- [Source information]
- - -
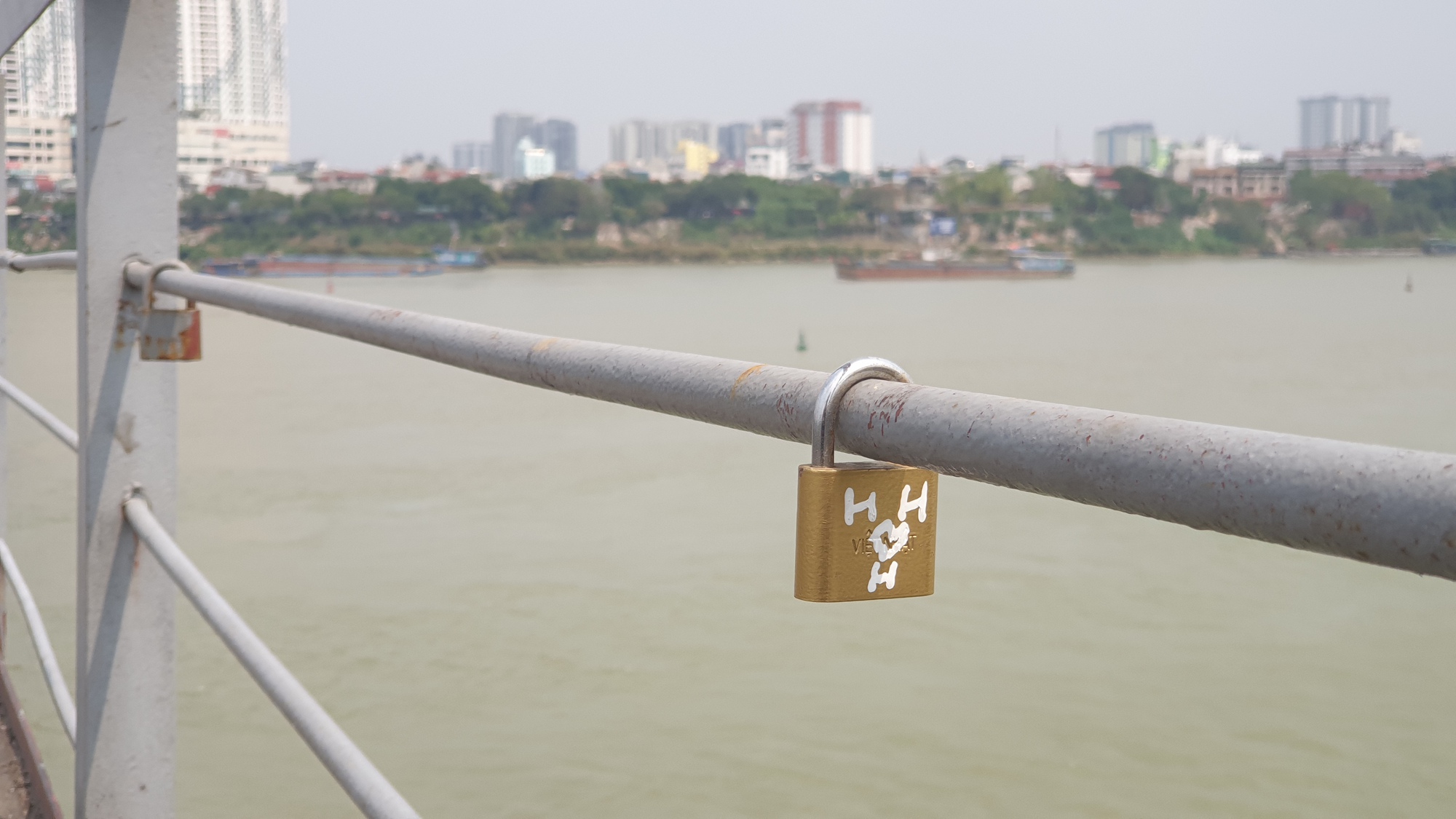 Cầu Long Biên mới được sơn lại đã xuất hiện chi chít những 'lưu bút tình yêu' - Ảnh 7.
- - -
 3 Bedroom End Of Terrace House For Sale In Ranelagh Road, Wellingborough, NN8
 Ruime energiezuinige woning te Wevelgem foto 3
- - -
Would you quote everything above from the line containing "3 Bedroom End" down to the line containing "Ruime energiezuinige woning"? Include both of those lines and nothing else.

- [Result of the task]
 3 Bedroom End Of Terrace House For Sale In Ranelagh Road, Wellingborough, NN8
 Ruime energiezuinige woning te Wevelgem foto 3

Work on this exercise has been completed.